(Data provided begins)

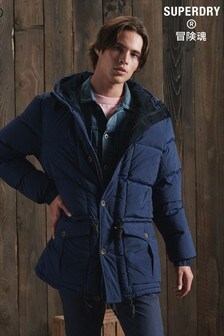 Superdry Blue Dry Limited Edition Down Parka Coat (U02264) | OMR101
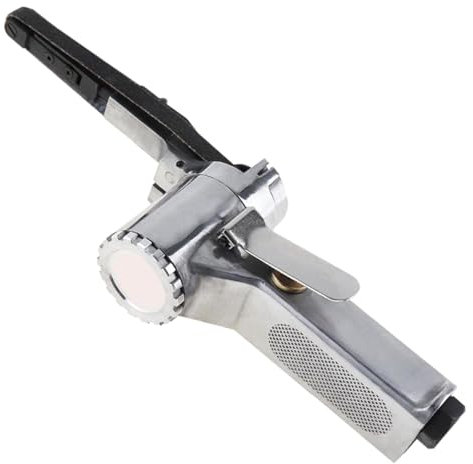 Lijadora neumática ajustable de 3/8 pulgadas de ancho, incluye abrasivos P60 P80 P120 aptos para pulido de madera y metal, lijadora ergonómica de banda de aire para eliminación de óxido y molienda de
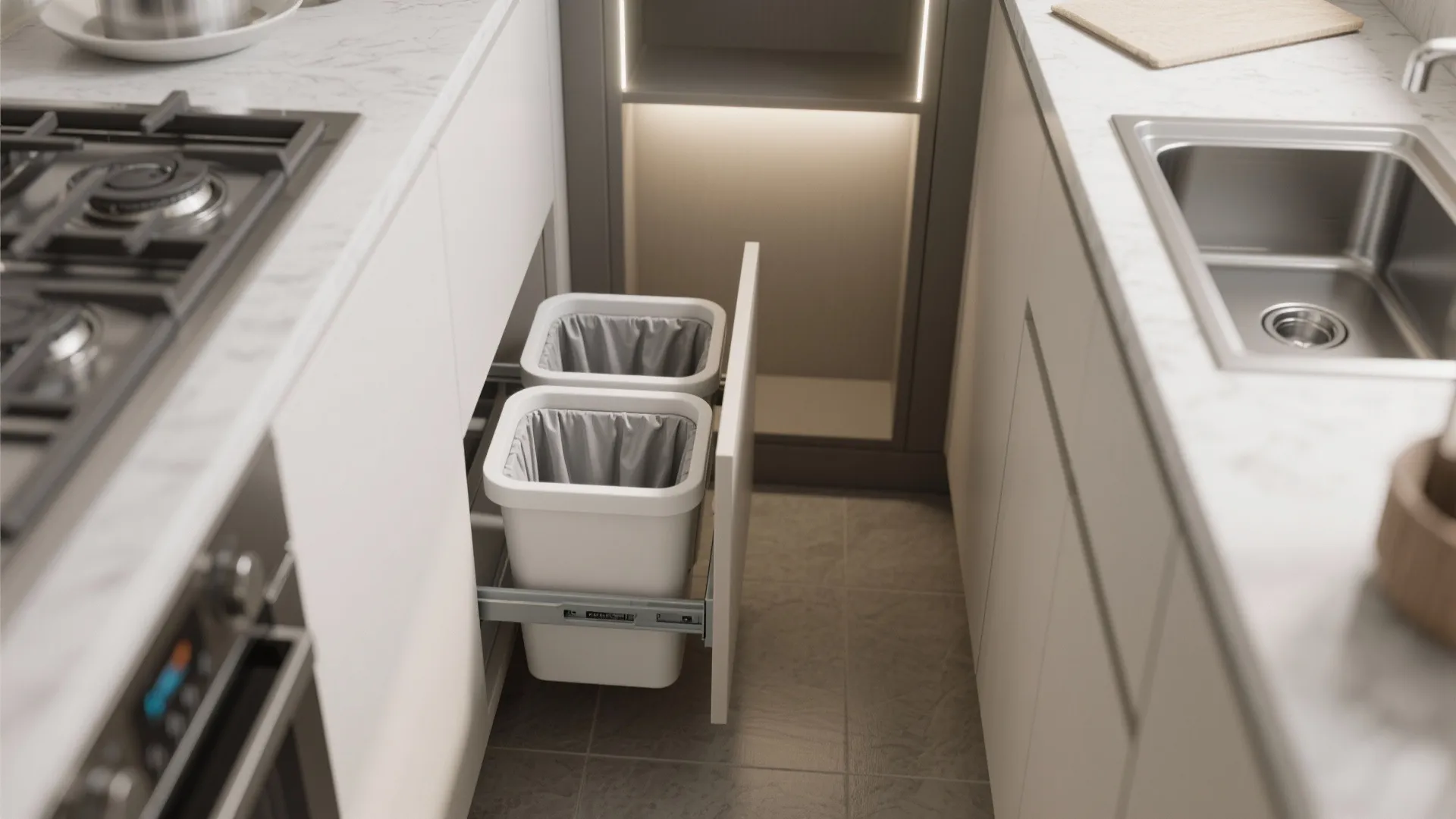 Built in pull out kitchen cabinet drawer holding two white plastic trash cans for waste management
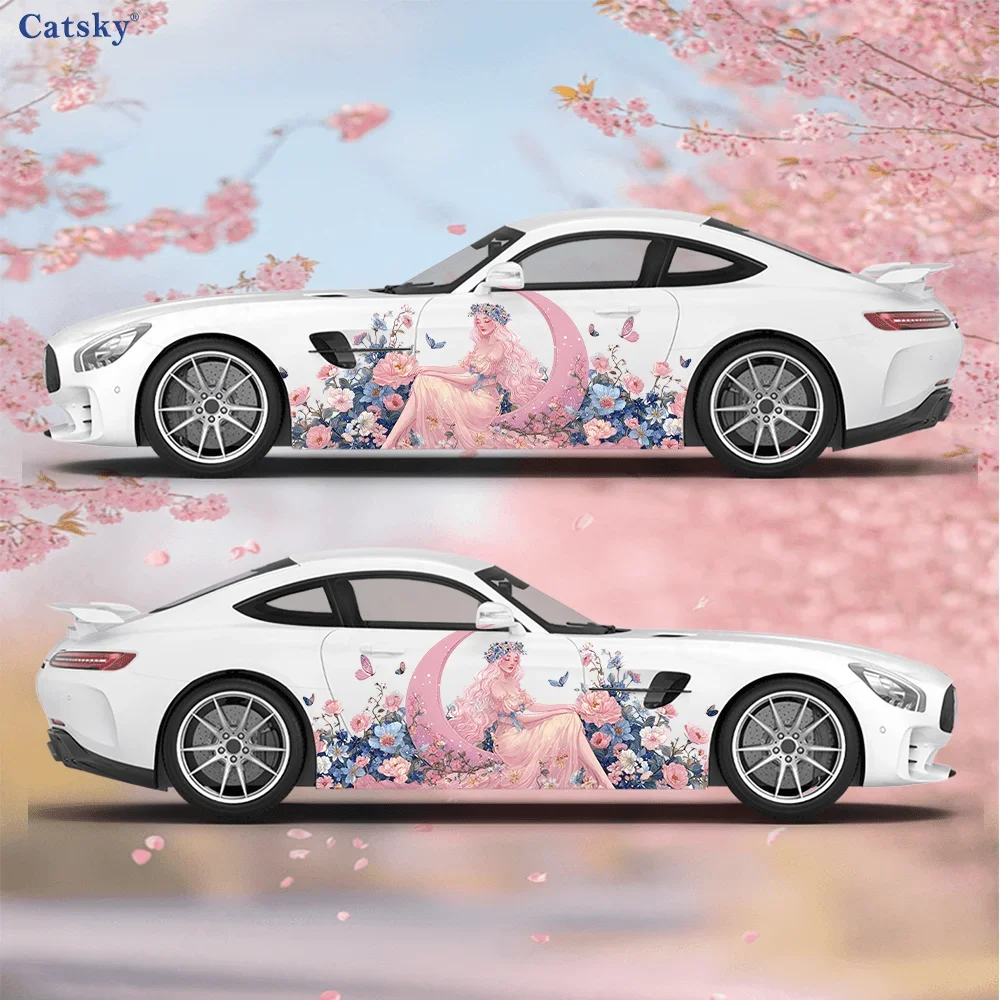 Pink Floral Girl Car Side Car Wraps, Self-Adhesive PVC Waterproof & Scratch-Resistant Stickers, Car Accessory Gift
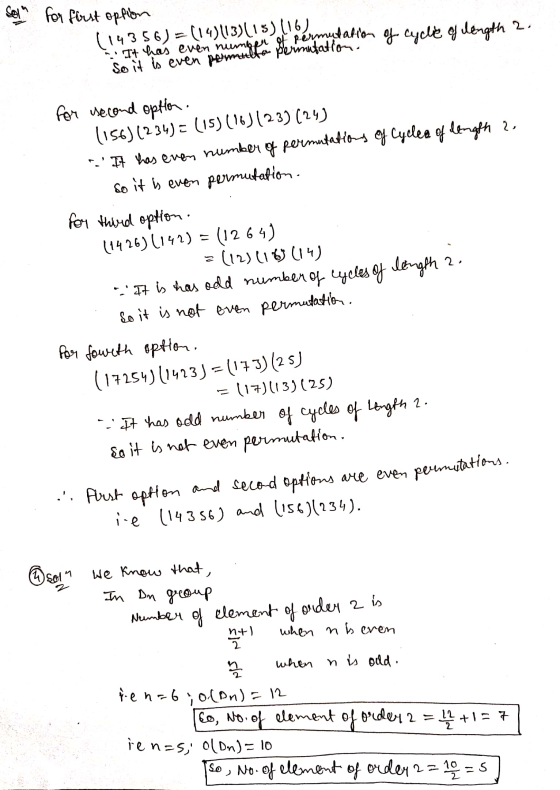 Sol for first option (14356)=(14)(13)(15)(16). So it is even permulto Permutation. 2 for second option. (156) (234)= (15) (1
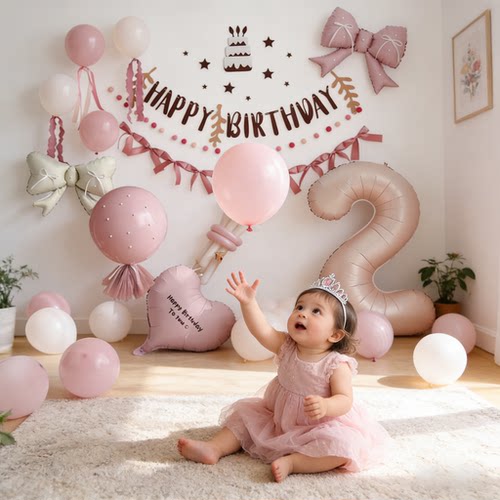 ins粉色公主主题生日派对装扮布置套餐拉花网纱蛋糕数字气球女孩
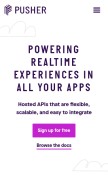 How pusher.com looks like on a mobile device such as an iPhone.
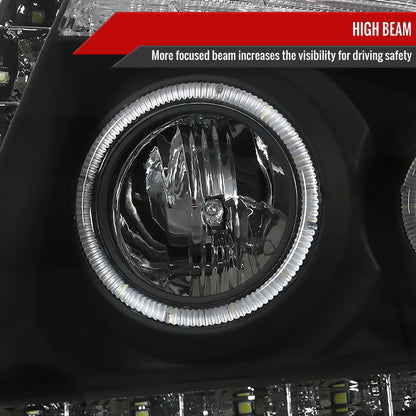 2004-2008 Ford F-150/ 2006-2008 Lincoln Mark LT Dual Halo Projector Headlights w/ LED Light Strip (Matte Black Housing/Clear Lens)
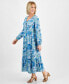 ფოტო #5 პროდუქტის Women's Printed Linen Tiered Midi Dress, Regular & Petite, Created for Macy's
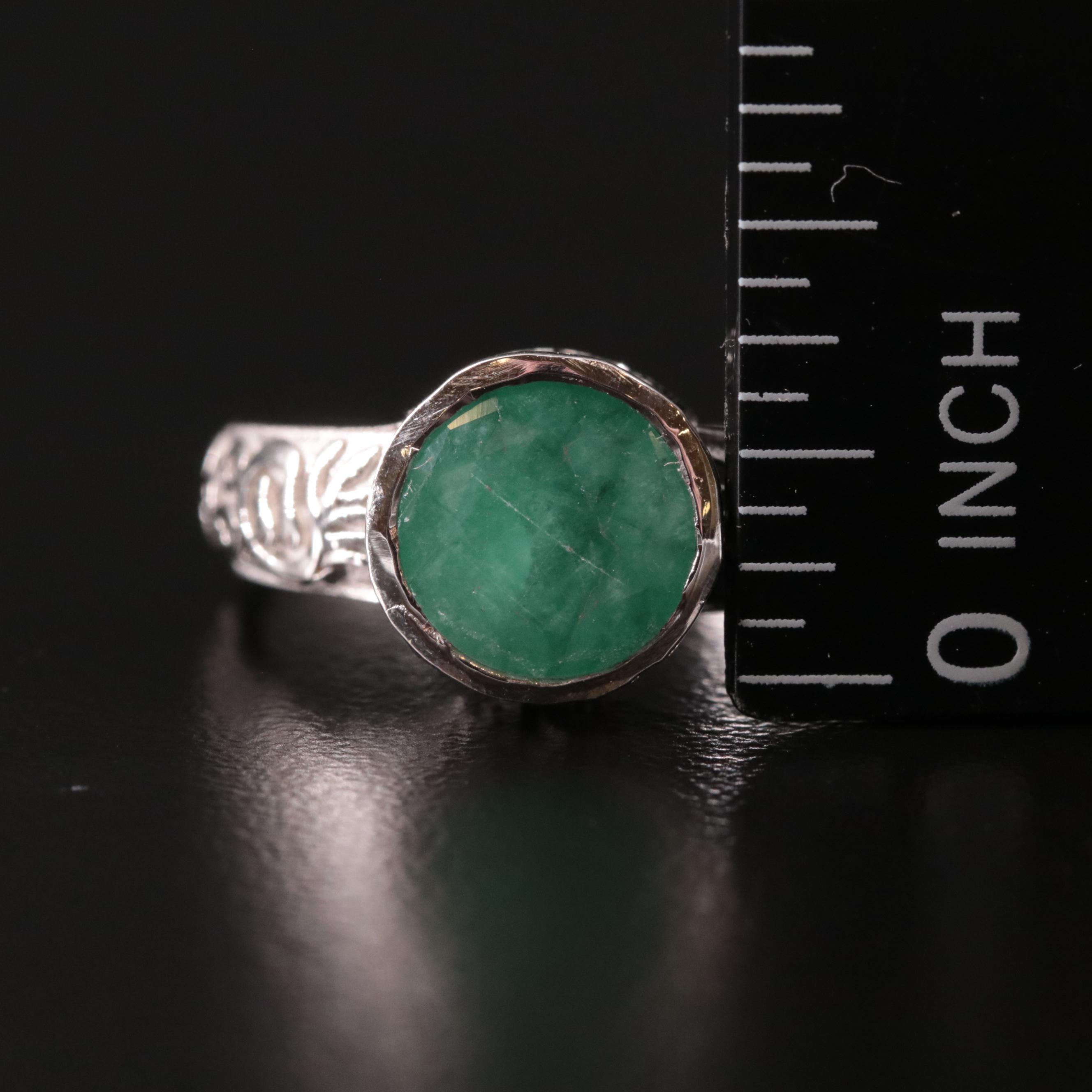 Sterling Emerald Ring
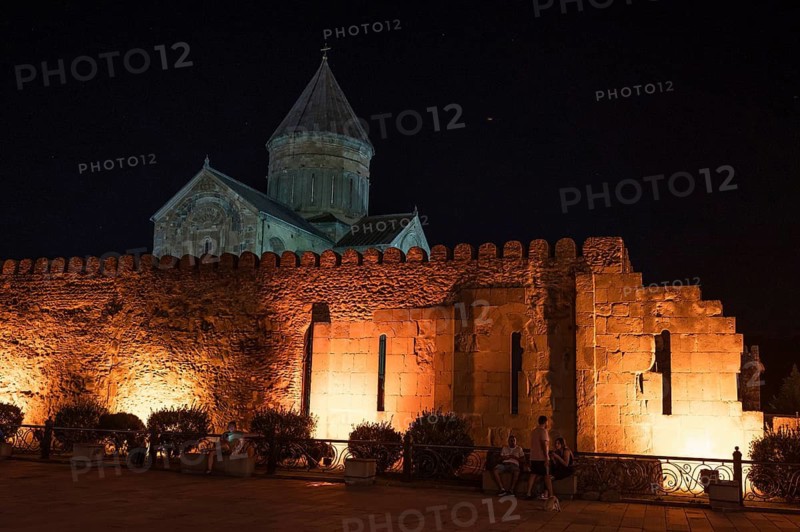 MCCHETA, GEORGIA - AUGUST 16, 2023: Cathedral Svetitskhoveli (Sweti Cchoweli) at night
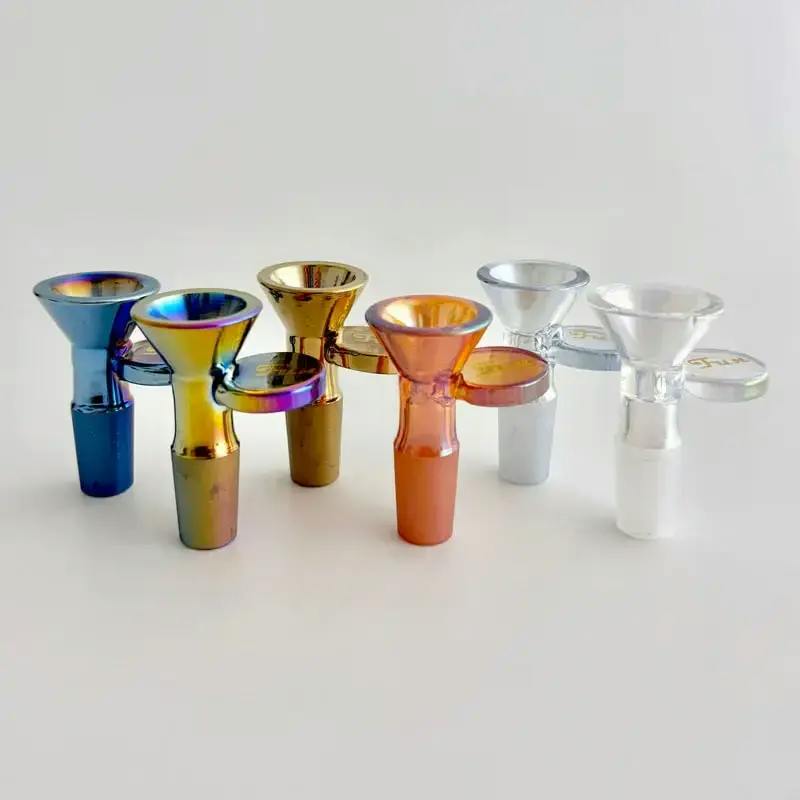 Fortune - Electroplated 14mm Joint Glass Bowl With Gold Logo - Assorted Colors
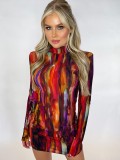 Multicolor Print High Neck Long Sleeves Mini Sheath Dress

(Data provided ends)

## Directions
Each entry shown above must be quoted exactly, with its pictures left out.

## Answer to the problem
 Superdry Blue Dry Limited Edition Down Parka Coat (U02264) | OMR101
 Lijadora neumática ajustable de 3/8 pulgadas de ancho, incluye abrasivos P60 P80 P120 aptos para pulido de madera y metal, lijadora ergonómica de banda de aire para eliminación de óxido y molienda de
 Built in pull out kitchen cabinet drawer holding two white plastic trash cans for waste management
 Pink Floral Girl Car Side Car Wraps, Self-Adhesive PVC Waterproof & Scratch-Resistant Stickers, Car Accessory Gift
 Sol for first option (14356)=(14)(13)(15)(16). So it is even permulto Permutation. 2 for second option. (156) (234)= (15) (1
 ins粉色公主主题生日派对装扮布置套餐拉花网纱蛋糕数字气球女孩
 How pusher.com looks like on a mobile device such as an iPhone.
 2004-2008 Ford F-150/ 2006-2008 Lincoln Mark LT Dual Halo Projector Headlights w/ LED Light Strip (Matte Black Housing/Clear Lens)
 ფოტო #5 პროდუქტის Women's Printed Linen Tiered Midi Dress, Regular & Petite, Created for Macy's
 Sterling Emerald Ring
 MCCHETA, GEORGIA - AUGUST 16, 2023: Cathedral Svetitskhoveli (Sweti Cchoweli) at night
 Fortune - Electroplated 14mm Joint Glass Bowl With Gold Logo - Assorted Colors
 Multicolor Print High Neck Long Sleeves Mini Sheath Dress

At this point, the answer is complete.